We've been working on exactly this at Islo. Zero-setup microVM sandboxes with isolated networking by default, plus an approval workflow layer so agents can request capabilities and humans approve/deny in real-time.
The credential problem is handled through proxy middleware - agents never see real tokens, requests get routed through policy-checked proxies that inject credentials only for approved operations.
The paper nails it - we're giving agents capabilities before we have infra to contain them. The answer isn't better prompts. It's treating agent execution like untrusted code: sandboxed VMs, explicit capability grants, network isolation, approval workflows for production actions.
Prompt guardrails are theater - they work until they don't. We ended up building sandboxed execution for each agent action. Agent proposes what it wants to do, but execution happens in an isolated microVM with explicit capability boundaries. Database writes require a separate approval step architecturally separate from the LLM context.
Worth looking at islo.dev if you want the sandboxing piece without building it yourself.
Sandboxed execution is solid for isolation — separating proposal from execution is the right architecture. The piece we kept hitting was the policy layer on top: who defines what the agent is allowed to propose in the first place, and how do you update those rules without a redeploy every time?
The pattern only works if the tool enforces the OTP - i.e. the CLI doesn't perform the dangerous action until it receives the OTP through a path the agent can't spoof. If the tool just returns "ask the user for OTP" and the agent relays that to the user and then passes whatever the user types back into the tool, the security is in the tool's implementation: it must verify the OTP (e.g. server-side or via a channel that bypasses the agent, as stavros described) and only then execute. The all-caps message is then UX for the human and a hint to the agent, not the actual gate. So the question "does it actually require an OTP?" is the right one: if the tool code doesn't block on a real OTP check, it's hope, not a security model.

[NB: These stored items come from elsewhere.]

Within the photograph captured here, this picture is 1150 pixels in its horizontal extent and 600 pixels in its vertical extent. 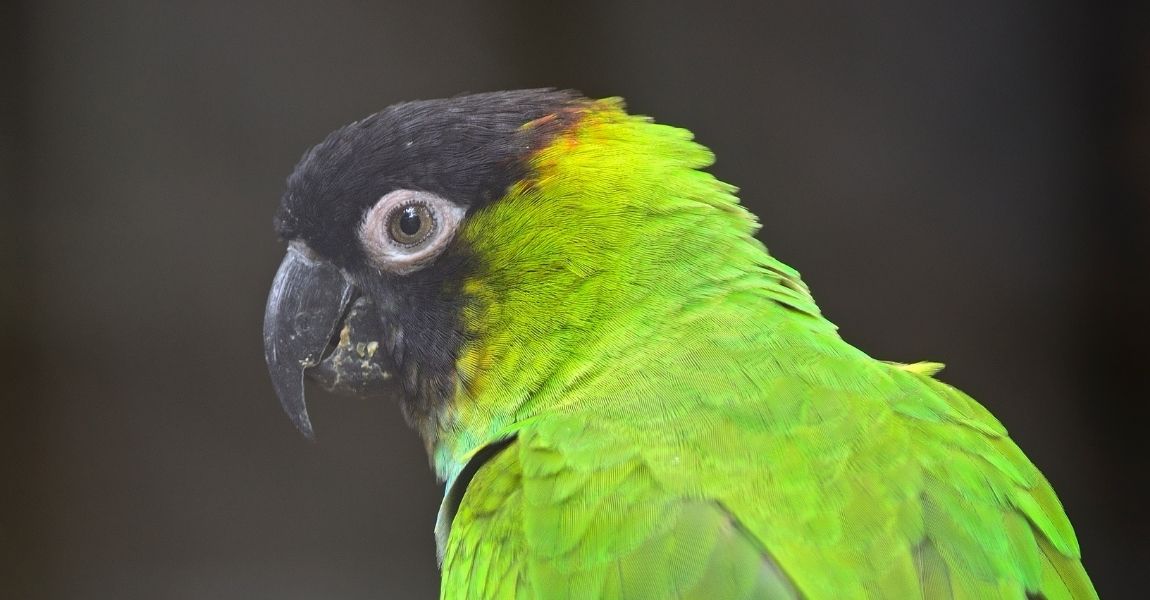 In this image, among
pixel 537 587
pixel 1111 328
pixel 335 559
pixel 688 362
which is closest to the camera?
pixel 537 587

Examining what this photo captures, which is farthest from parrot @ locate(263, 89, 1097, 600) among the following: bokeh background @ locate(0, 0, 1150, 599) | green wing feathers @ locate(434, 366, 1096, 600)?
bokeh background @ locate(0, 0, 1150, 599)

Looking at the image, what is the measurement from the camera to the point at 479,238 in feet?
4.06

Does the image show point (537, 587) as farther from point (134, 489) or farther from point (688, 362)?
point (134, 489)

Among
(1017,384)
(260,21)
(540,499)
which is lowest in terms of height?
(1017,384)

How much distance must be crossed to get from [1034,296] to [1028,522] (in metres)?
2.03

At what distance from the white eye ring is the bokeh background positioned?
1.57 m

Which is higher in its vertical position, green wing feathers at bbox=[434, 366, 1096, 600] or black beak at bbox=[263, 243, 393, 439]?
black beak at bbox=[263, 243, 393, 439]

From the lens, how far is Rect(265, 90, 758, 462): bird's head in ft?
3.86

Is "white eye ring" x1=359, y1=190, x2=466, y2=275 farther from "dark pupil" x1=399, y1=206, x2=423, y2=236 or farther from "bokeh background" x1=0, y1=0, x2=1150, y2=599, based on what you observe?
"bokeh background" x1=0, y1=0, x2=1150, y2=599

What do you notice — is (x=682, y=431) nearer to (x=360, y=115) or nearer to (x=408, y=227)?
(x=408, y=227)

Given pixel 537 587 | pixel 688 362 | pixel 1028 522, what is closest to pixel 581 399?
pixel 688 362

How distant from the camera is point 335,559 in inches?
117

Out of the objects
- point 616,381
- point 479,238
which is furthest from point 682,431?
point 479,238

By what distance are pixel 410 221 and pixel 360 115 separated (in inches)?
67.7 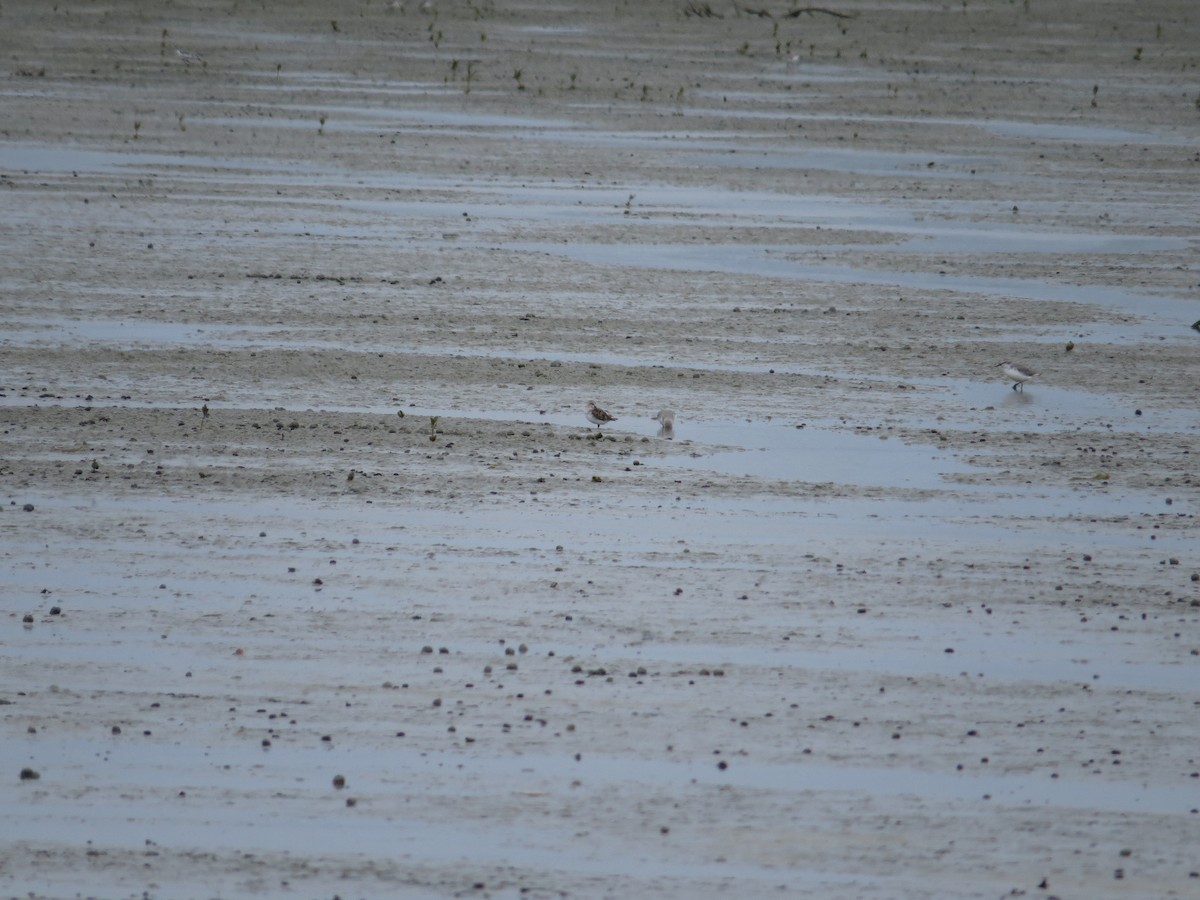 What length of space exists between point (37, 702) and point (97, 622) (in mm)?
789

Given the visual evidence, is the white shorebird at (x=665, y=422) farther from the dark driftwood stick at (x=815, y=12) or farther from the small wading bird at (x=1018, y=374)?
the dark driftwood stick at (x=815, y=12)

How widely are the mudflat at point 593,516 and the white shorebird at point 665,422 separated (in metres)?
0.10

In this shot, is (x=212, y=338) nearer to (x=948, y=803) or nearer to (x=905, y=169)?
(x=948, y=803)

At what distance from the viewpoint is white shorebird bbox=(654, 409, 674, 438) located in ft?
33.6

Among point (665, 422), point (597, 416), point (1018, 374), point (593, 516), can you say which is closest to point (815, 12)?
point (1018, 374)

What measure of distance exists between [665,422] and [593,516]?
151 cm

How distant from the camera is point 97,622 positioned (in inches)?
295

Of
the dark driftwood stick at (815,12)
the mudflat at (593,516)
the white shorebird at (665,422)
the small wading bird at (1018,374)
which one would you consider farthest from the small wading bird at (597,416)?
the dark driftwood stick at (815,12)

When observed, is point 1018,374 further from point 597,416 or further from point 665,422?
point 597,416

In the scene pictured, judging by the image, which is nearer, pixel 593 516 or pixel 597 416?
pixel 593 516

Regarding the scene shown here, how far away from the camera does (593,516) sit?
8.94 meters

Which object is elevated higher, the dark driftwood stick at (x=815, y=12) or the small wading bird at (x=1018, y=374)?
the dark driftwood stick at (x=815, y=12)

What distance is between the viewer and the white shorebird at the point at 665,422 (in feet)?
33.6

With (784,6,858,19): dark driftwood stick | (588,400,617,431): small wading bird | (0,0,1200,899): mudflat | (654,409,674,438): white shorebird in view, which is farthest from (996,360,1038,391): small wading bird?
(784,6,858,19): dark driftwood stick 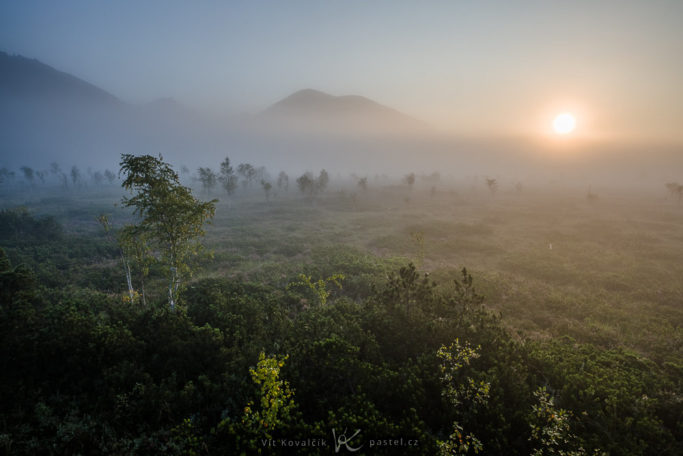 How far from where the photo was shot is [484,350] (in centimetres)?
1223

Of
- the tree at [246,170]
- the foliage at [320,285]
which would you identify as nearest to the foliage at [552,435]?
the foliage at [320,285]

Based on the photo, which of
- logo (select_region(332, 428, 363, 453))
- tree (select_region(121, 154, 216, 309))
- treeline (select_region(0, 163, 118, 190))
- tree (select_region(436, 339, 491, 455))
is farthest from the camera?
treeline (select_region(0, 163, 118, 190))

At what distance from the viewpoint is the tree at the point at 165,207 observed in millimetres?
14250

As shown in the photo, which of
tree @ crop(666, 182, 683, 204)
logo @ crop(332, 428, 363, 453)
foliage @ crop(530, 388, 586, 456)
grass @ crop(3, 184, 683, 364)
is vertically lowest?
grass @ crop(3, 184, 683, 364)

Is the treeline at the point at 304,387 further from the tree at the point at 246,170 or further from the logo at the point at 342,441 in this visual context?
the tree at the point at 246,170

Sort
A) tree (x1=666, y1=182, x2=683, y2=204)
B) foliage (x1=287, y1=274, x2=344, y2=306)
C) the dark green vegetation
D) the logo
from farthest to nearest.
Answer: tree (x1=666, y1=182, x2=683, y2=204)
foliage (x1=287, y1=274, x2=344, y2=306)
the dark green vegetation
the logo

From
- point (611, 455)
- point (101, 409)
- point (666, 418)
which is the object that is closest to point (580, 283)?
point (666, 418)

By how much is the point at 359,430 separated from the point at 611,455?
7580 millimetres

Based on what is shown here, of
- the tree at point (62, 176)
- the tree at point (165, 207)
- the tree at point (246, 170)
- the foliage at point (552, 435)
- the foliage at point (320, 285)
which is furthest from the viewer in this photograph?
the tree at point (62, 176)

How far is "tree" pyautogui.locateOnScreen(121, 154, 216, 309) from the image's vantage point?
46.8 feet

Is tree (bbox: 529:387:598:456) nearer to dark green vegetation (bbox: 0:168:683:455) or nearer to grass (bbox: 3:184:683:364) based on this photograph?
dark green vegetation (bbox: 0:168:683:455)

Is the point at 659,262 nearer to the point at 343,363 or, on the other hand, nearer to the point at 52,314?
the point at 343,363

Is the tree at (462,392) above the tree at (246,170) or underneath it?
underneath

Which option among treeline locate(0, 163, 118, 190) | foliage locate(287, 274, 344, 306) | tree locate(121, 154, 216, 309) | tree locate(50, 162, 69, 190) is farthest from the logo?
tree locate(50, 162, 69, 190) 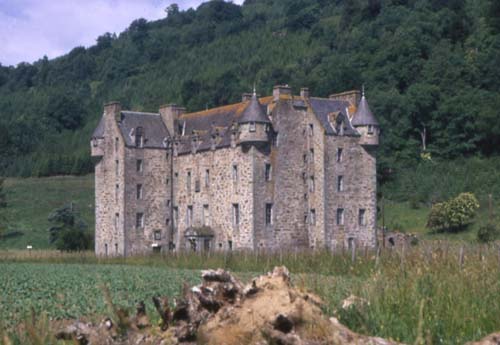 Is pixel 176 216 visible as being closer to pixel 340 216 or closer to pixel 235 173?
pixel 235 173

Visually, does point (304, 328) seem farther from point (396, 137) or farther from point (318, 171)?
point (396, 137)

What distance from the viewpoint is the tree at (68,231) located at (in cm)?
6297

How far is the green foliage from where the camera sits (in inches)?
2292

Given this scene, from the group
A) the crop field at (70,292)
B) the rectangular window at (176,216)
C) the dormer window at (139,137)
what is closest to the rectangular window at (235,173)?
the rectangular window at (176,216)

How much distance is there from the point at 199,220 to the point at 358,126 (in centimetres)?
1155

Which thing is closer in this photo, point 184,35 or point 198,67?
point 198,67

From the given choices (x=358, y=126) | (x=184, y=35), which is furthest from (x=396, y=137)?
(x=184, y=35)

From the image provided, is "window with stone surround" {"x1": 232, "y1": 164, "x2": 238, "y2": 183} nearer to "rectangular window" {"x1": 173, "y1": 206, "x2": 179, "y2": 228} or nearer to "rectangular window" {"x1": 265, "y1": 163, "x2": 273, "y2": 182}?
"rectangular window" {"x1": 265, "y1": 163, "x2": 273, "y2": 182}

The other approach is to not give the agent access to the thing that needs protecting. Run the agent in an isolated environment - sandbox, VM, separate machine - so it never has the ability to email-blast or nuke your files in the first place. Then you're not depending on the agent to obey the prompt or on the human to be present for every dangerous call. Human-in-the-loop (or OTP-in-the-loop) is a reasonable layer when the agent has broad access; isolation is the layer that makes the blast radius zero. We're building https://islo.dev for that: agents run in isolation, host is out of scope, so you can let them run without approval prompts and still sleep at night.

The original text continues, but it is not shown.